For the listing below, output exactly the lines from the line with "Two businesswomen having a discussion" up to and including the line with "Schlafzimmer mit Blick", and no other lines.

=== Provided information ===

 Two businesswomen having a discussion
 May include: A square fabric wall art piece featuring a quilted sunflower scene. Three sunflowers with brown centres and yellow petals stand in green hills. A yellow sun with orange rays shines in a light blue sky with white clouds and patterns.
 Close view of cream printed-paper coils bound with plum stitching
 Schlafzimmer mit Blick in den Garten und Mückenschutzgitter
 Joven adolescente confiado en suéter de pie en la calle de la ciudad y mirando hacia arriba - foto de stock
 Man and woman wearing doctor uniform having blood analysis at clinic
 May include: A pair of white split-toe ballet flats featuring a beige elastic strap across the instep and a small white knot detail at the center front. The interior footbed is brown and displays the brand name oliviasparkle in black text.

===
=== Provided information ===

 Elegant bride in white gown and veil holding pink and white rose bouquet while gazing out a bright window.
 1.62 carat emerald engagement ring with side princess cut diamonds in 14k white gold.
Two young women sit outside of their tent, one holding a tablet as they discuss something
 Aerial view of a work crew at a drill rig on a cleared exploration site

===
=== Provided information ===

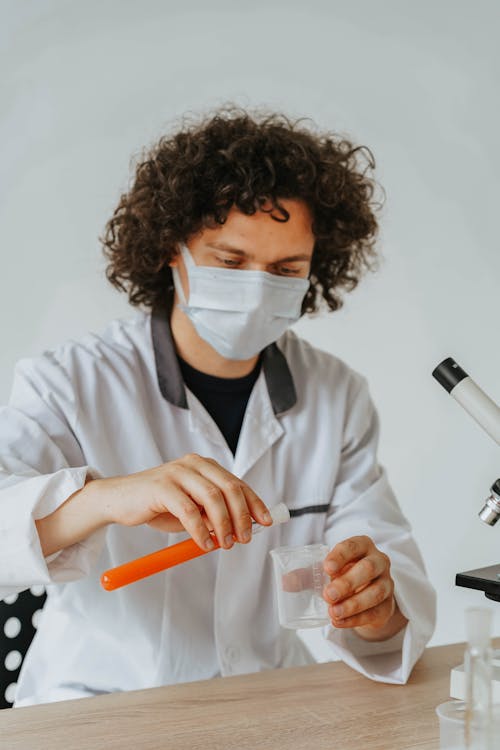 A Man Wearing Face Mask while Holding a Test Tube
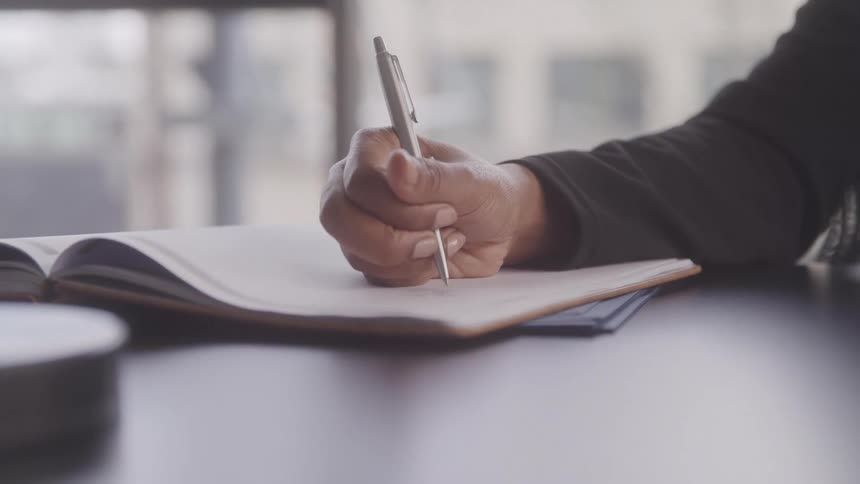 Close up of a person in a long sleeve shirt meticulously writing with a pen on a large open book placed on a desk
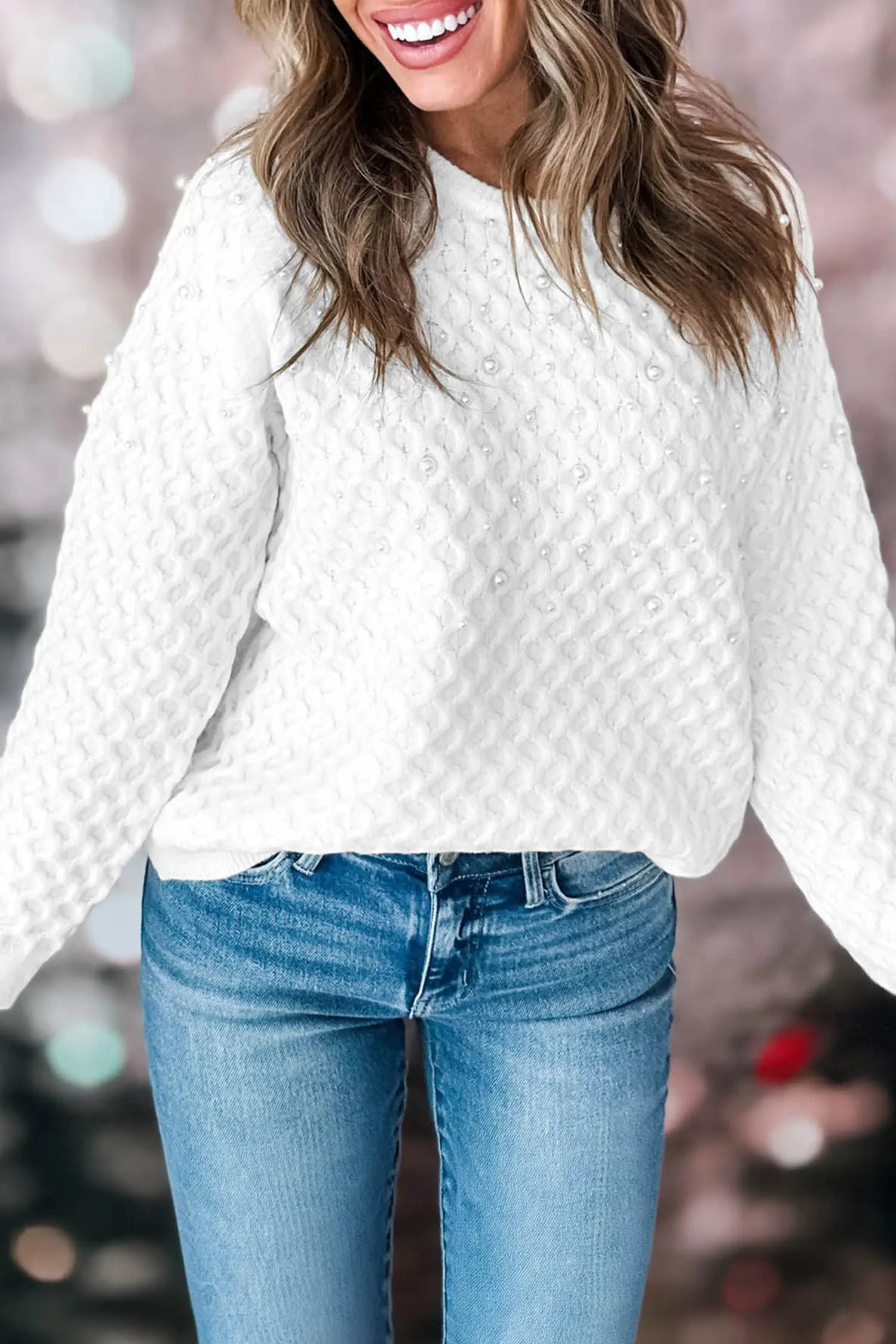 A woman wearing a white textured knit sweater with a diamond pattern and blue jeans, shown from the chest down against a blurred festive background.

===

* **Answer to the exercise**:
 Two businesswomen having a discussion
 May include: A square fabric wall art piece featuring a quilted sunflower scene. Three sunflowers with brown centres and yellow petals stand in green hills. A yellow sun with orange rays shines in a light blue sky with white clouds and patterns.
 Close view of cream printed-paper coils bound with plum stitching
 Schlafzimmer mit Blick in den Garten und Mückenschutzgitter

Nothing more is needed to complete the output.